Thanks to François Thiré for feedback on early versions of this work.

Introduction

Data availability sampling is crucial for scaling Ethereum. However, compared to its importance, it receives little research and attention. I believe this is due to a gap in understanding its inner workings and challenges. This post aims to bridge this gap by explaining, in layman's terms:

• What the data availability problem is.

• Various solutions to the problem.

• Why data availability sampling (DAS) is needed.

• Various DAS-based solutions (Celestia, Danksharding).

What is the Data Availability Problem?

Rollups scale blockchains by posting data on-chain to the L1 while offloading execution off-chain to L2s. However, because data still needs to be posted to L1, the amount of data that can be posted to L1 becomes the bottleneck. This necessitates the scaling of L1 data throughput, and in doing so, we encounter the data availability problem.

The setup of the data availability problem is illustrated below:

1. Publisher publishes some data that corresponds to some commitment (Merkle root, KZG commitment, etc) C.

2. The commitment C is distributed among the validators in the network.

3. Validators check if the published data is available by running an isAvailable function. isAvailable is a function that takes the commitment C and returns true or false.

Following the formulations introduced in the original DAS paper (Mustafa et.al 2018), we define two desired properties of the isAvailable function. The first is availability:

Definition 1 (Availability)

If isAvailable(C)=true, then the validator could have downloaded the whole data if the node wanted to.

Note the "if the node wanted to" part. It means the node doesn't necessarily download the full data. Indeed, as you see in the following sections, the critical question is how a validator can know it could have downloaded the complete data without actually doing so.

The next is agreement:

Definition 2 (Agreement)

If one honest validator gets isAvailable(C)=true, then all honest validators gets isAvailable(C)=true within some time frame.

Using these definitions, we can state the data availability problem as follows:

Definition 3 (The Data Availability Problem)

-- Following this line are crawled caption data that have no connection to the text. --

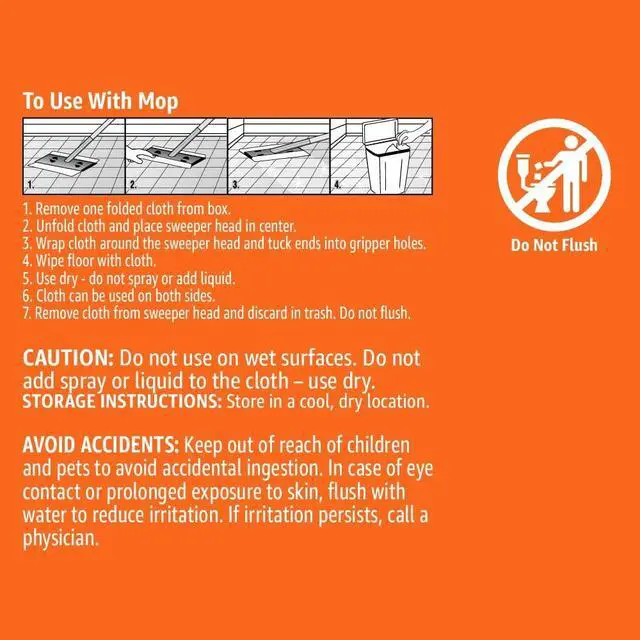 Alt view image 4 of 6 - Heavy Duty Dry Sweeping Cloths, Floor Cleaning, Multi-Surface, Disposable, Trap Dust, Dirt & Pet Hair, Fits Swiffer Sweeper Mop Heads, 44 Count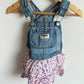 Overall Dress with Floral Bottom / 12-18m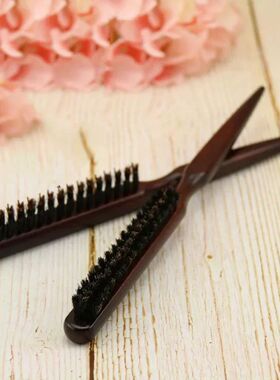 Salon Teasing Back Hair Brushes Boar Bristle Wood Slim Line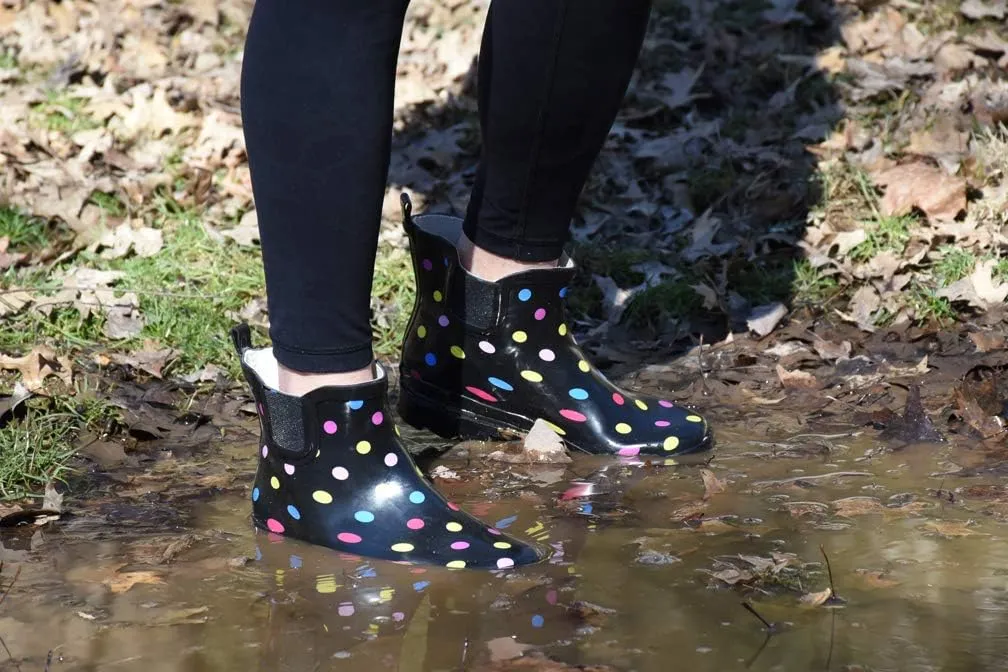 NORTY - Womens Ankle Rain Boots - Ladies Waterproof Winter Spring Garden Boot runs ½ size large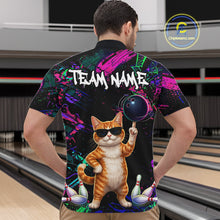 Load image into Gallery viewer, Personalized Funny Cat Graffiti Bowling Jersey For Men Custom Bowling Team Shirts Polo &amp; 1/4 Zip TDM6457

How do we design an isAvailable function that satisfies both availability and agreement?

Before delving into the various data availability solutions, let’s review the network assumptions underpinning this article.

Network Assumption

We assume the following:

Assumption 1 (Network)

All honest validators are either directly or indirectly connected.

In other words, malicious actors cannot isolate an honest validator from the network. So when an honest validator submits a message to the network, it will eventually be received by all other honest validators.

Next, we will explore a range of solutions to the data availability problem and their security guarantees.

Naive Data Availability

First, we examine the most straightforward solution: Every node in the network downloads all the data in full, as illustrated below:

The definition of isAvailable is:

Definition 4 (isAvailable for naive DA)

isAvailable(C) = Download the full data, return true if successful and false otherwise.

Next, let's see if availability and agreement hold for this definition of isAvailable.

Availability holds trustlessly.

Here we say trustlessly because a node can check availability without relying on any other entity.

Agreement also holds.

Proof: If one honest validator can download the full data, it can propagate it to other honest validators based on the network's assumption (Assumption 1).

This is what we have in Bitcoin and current Ethereum. It is ideal regarding security as availability and agreement hold with minimal trust assumptions.

However, there is one problem: It does not scale. Each node has to download all the data in its entirety. The question then is, how do we design a scalable isAvailable function that satisfies both availability and agreement?

IPFS

The next solution that might come to mind is to store the data in an external storage system, such as IPFS, and only publish the data's commitment to the network, as illustrated below. This method is scalable because it eliminates the need for the validator to download all the data.

The isAvailable function is defined as:

Definition 5 (isAvailable for IPFS solution)

isAvailable(C)= Download the commitment, return true if successful and false otherwise.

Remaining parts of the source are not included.